You may remember me writing about it a few months ago, about the feds shutting down an online black market — Silk Road. Those who did business on the site bought their drugs and weapons through BitCoin.

BitCoin is a decentralized online currency that has been getting a lot of attention recently, mostly because of its rise in value. Invented in 2009, one BitCoin used to be worth a few cents. Around this time last year it was worth under $100. It peaked off around $1200 this past holiday season and is now about $900.

Another reason for the extra buzz is because of the arrest of Charlie Shrem, CEO of BitInstant BitCoin exchange, and Robert Faiella, an underground exchanger of BitCoin. These two have been charged with laundering money for those involved in Silk Road.
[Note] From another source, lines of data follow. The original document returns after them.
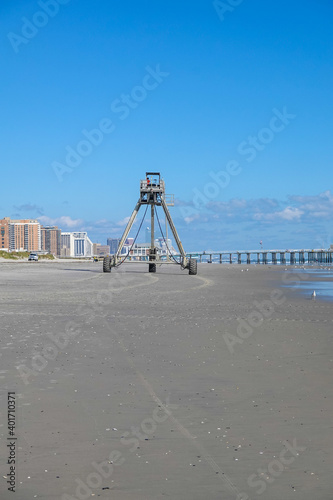 An amphibious buggy tower used for beach replenishment is seen rolling on the beach with Atlantic City casino buildings in the background
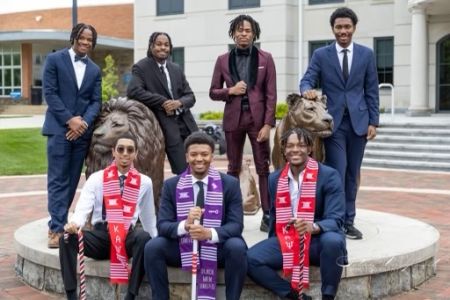 Seven members of Kappa Alpha Psi pose next to the Pride lion statues.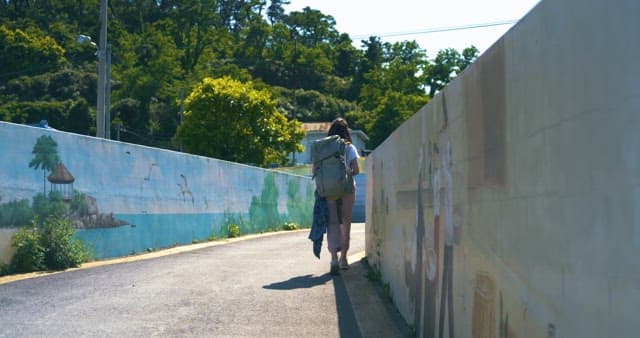 Walker by Painted Wall on Sunny Day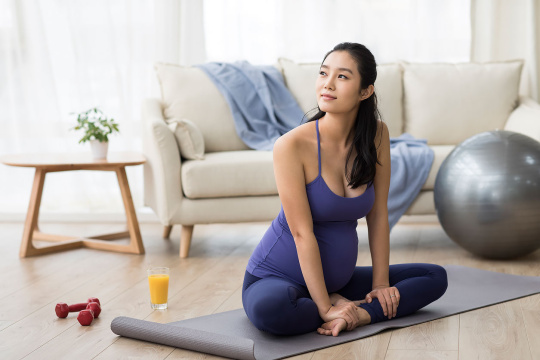 年轻孕妇坐在瑜伽垫上思考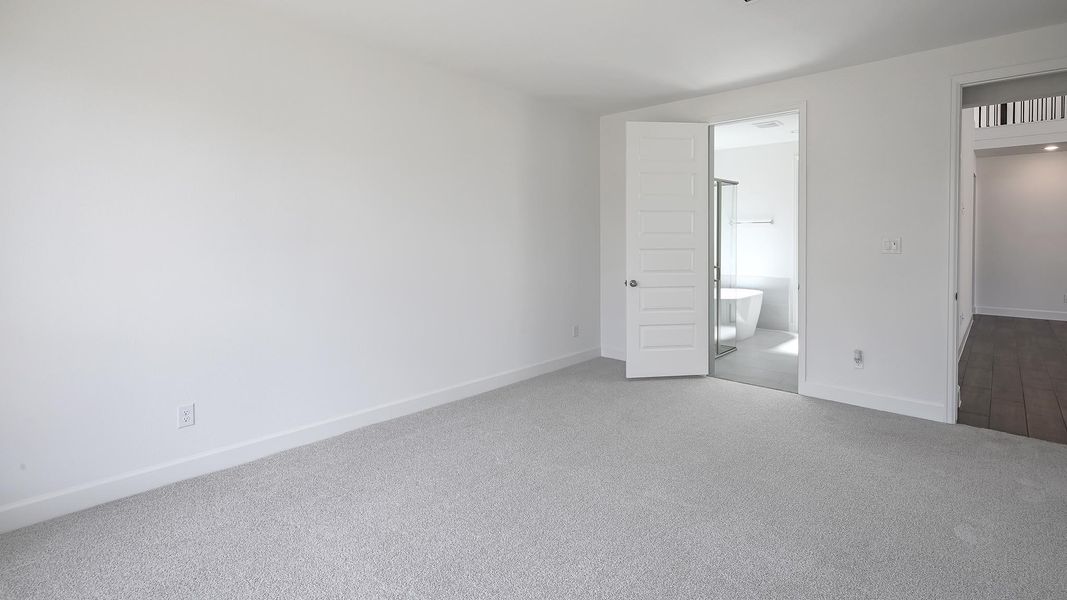 Spacious, unfurnished interior of a new home in 6 Creeks, Kyle (Image 19).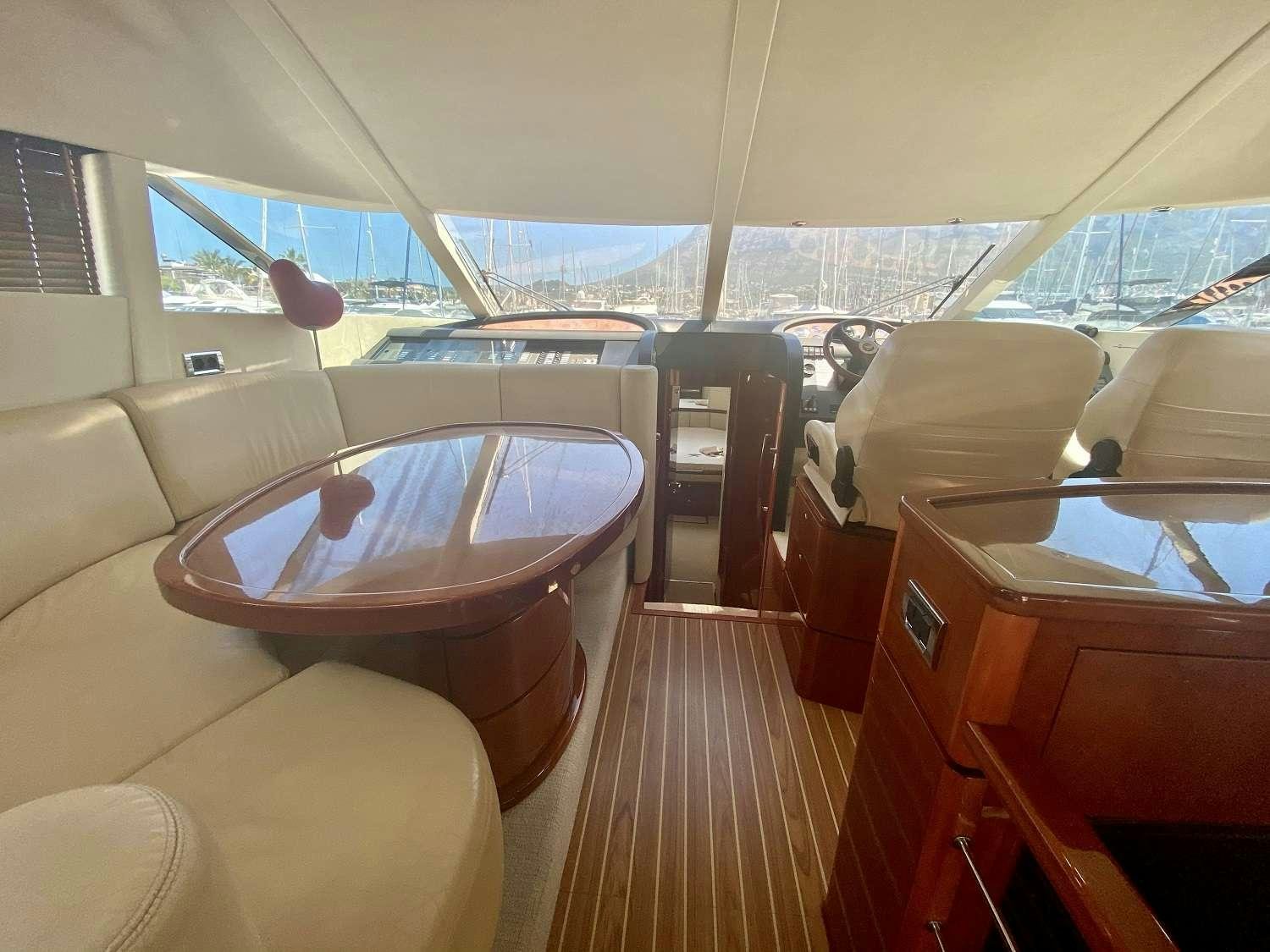 a boat with a table and chairs aboard VAGABUNDO Yacht for Charter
Because of this, BitCoin has acquired a shady reputation, despite many small businesses have recently been championing it as an alternative form of payment.

So what makes it different from traditional online banking — say PayPal or MasterCard? Many things. First off, there is no central ledger being housed in some air conditioned server farm someplace. The ledger of every single BitCoin transaction ever made is kept for public view in the network of BitCoin users. In fact, that is how presence of funds is verified (through a long daisy chain of verification, one transaction at a time, leading to the first BitCoin transaction ever).

The chain is made up of blocks, and these blocks are encrypted mathematical algorithms that are randomly generated by arbitrary users in the network. For every block that is ‘solved’, that user is rewarded with some BitCoin. This process is called mining BitCoin, and this is how new BitCoins are generated.

Of course, there are millions of users across the world using this technology. So the likelihood of actually mining coin is pretty slim.

BitCoin is also a liquid asset, like gold or cash. Once you spend it, it’s left your hands. There’s no 1-800 number you can call to report fraud, if such a situation occurs. Also, because it is like cash, BitCoin is nearly impossible to track. Of course, this is a double edged sword.

Also, BitCoin is very volatile. Within this past week, the worth of a single BitCoin has been undulating within a range of $120. This volatility makes it a horrible long term investment, at least for now.

Of course, so much has changed within the past few months, it’s hard to know for certain what’s in this new technology’s future. It’s inevitable that it will see regulation one day.

So, until then, have fun using it to do really really really ridiculously illegal things! Or not.